The inspectors verified that modification preparation, staging, and implementation did
not impair emergency/abnormal operating procedure actions, key safety functions, or
operator response to loss of key safety functions; post-modification testing will maintain
the plant in a safe configuration during testing by verifying that unintended system
interactions will not occur; systems, structures and components performance
characteristics still meet the design basis; the modification design assumptions were
appropriate; the modification test acceptance criteria will be met; and licensee personnel
identified and implemented appropriate corrective actions associated with permanent
plant modifications. Specific documents reviewed during this inspection are listed in the
attachment.
These activities constitute completion of one (1) sample for permanent plant
modifications as defined in Inspection Procedure 71111.18-05.
- 27 - Enclosure
b. Findings
No findings were identified.
1R19 Postmaintenance Testing (71111.19)
a. Inspection Scope
The inspectors reviewed the following postmaintenance activities to verify that
procedures and test activities were adequate to ensure system operability and functional
capability:
- October 14, 2011, Unit 2 control element assembly trip circuit breakers
- November 1, 2011, Unit 1, control valve CV-1405, train A reactor building sump outlet
valve following refurbishment
The inspectors selected these activities based upon the structure, system, or
component's ability to affect risk. The inspectors evaluated these activities for the
following:
- The effect of testing on the plant had been adequately addressed; testing was
adequate for the maintenance performed
- Acceptance criteria were clear and demonstrated operational readiness; test
instrumentation was appropriate
The inspectors evaluated the activities against the technical specifications, the SAR,
10 CFR Part 50 requirements, licensee procedures, and various NRC generic
communications to ensure that the test results adequately ensured that the equipment
met the licensing basis and design requirements. In addition, the inspectors reviewed
corrective action documents associated with postmaintenance tests to determine
whether the licensee was identifying problems and entering them in the corrective action
program and that the problems were being corrected commensurate with their
importance to safety. Specific documents reviewed during this inspection are listed in
the attachment.
These activities constitute completion of two (2) postmaintenance testing inspection
samples as defined in Inspection Procedure 71111.19-05.
b. Findings
No findings were identified.
- 28 - Enclosure
1R20 Refueling and Other Outage Activities (71111.20)
a. Inspection Scope
The inspectors reviewed the outage safety plan and contingency plans for the Unit 1
1R23 refueling outage, conducted October 16, 2011, through November 22, 2011, to
confirm that licensee personnel had appropriately considered risk, industry experience,
and previous site-specific problems in developing and implementing a plan that assured
maintenance of defense in depth. During the refueling outage, the inspectors observed
portions of the shutdown and cooldown processes and monitored licensee controls over
the outage activities listed below.
- Configuration management, including maintenance of defense in depth, is
commensurate with the outage safety plan for key safety functions and compliance
with the applicable technical specifications when taking equipment out of service.

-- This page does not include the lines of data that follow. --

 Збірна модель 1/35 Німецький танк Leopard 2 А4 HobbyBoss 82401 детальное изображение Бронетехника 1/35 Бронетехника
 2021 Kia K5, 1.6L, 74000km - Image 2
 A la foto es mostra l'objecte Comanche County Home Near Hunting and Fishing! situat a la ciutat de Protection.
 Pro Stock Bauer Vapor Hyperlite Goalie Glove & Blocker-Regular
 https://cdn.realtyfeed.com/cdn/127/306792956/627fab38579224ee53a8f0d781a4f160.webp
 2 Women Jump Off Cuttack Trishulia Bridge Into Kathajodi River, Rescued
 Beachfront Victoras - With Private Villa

- Clearance activities, including confirmation that tags were properly hung and
equipment appropriately configured to safely support the work or testing.

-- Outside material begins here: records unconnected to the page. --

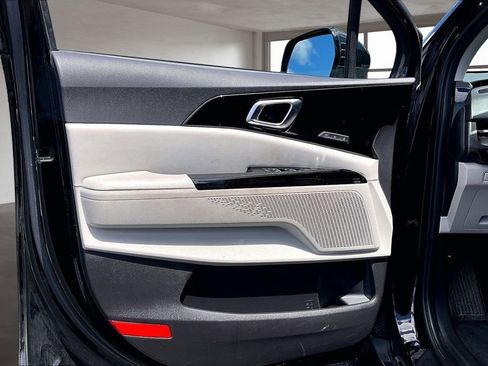 Used 2022 Kia Carnival SX FWD image 22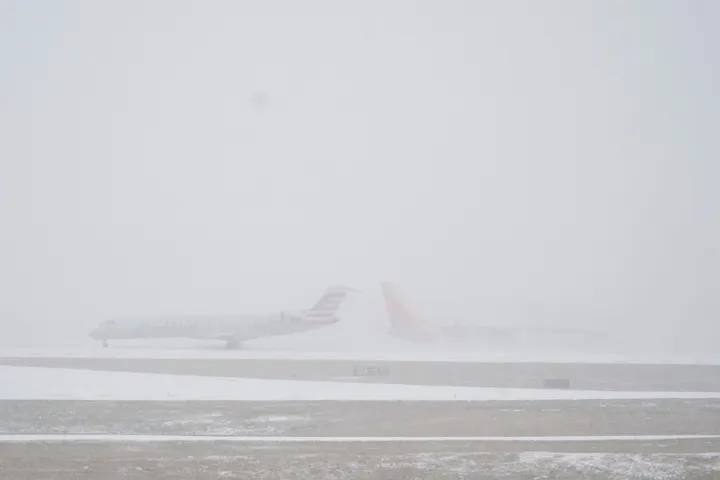 У США через масштабний зимовий шторм скасовано понад 13 тисяч авіарейсів За дани...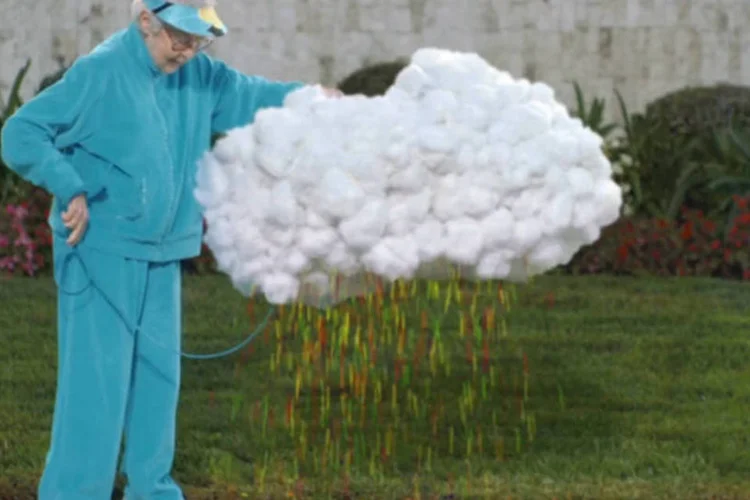Comercial do Skittles: trinca de comerciais é estrelada por uma simpática senhorinha e sua nuvem de estimação, que “chove” Skittles (Reprodução/YouTube/Skittles)
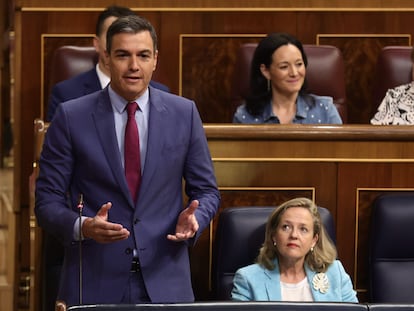 El presidente del Gobierno, Pedro Sánchez, y la ministra de Economía, Nadia Calviño, este miércoles en la Cámara baja.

- Installation and configuration of reactor coolant pressure, level, and temperature
instruments to provide accurate indication, accounting for instrument error.
- Status and configuration of electrical systems to ensure that technical specifications
and outage safety-plan requirements were met, and controls over switchyard
activities.
- Monitoring of decay heat removal processes, systems, and components.

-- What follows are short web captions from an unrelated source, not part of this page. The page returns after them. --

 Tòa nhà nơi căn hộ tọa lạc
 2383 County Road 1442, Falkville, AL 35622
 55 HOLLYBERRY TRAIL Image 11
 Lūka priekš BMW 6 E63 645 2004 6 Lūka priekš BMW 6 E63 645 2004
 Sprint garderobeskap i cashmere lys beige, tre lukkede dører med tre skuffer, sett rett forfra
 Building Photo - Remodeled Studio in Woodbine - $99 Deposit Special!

- Verification that outage work was not impacting the ability of the operators to operate
the spent fuel pool cooling system.
- Reactor water inventory controls, including flow paths, configurations, and alternative
means for inventory addition, and controls to prevent inventory loss.
- Controls over activities that could affect reactivity.
- Maintenance of secondary containment as required by the technical specifications.
- Refueling activities, including fuel handling and sipping to detect fuel assembly
leakage.
- Startup and ascension to full power operation, tracking of startup prerequisites,
walkdown of the drywell (primary containment) to verify that debris had not been left
which could block emergency core cooling system suction strainers, and reactor
physics testing.
- 29 - Enclosure
- Licensee identification and resolution of problems related to refueling outage
activities.
Specific documents reviewed during this inspection are listed in the attachment.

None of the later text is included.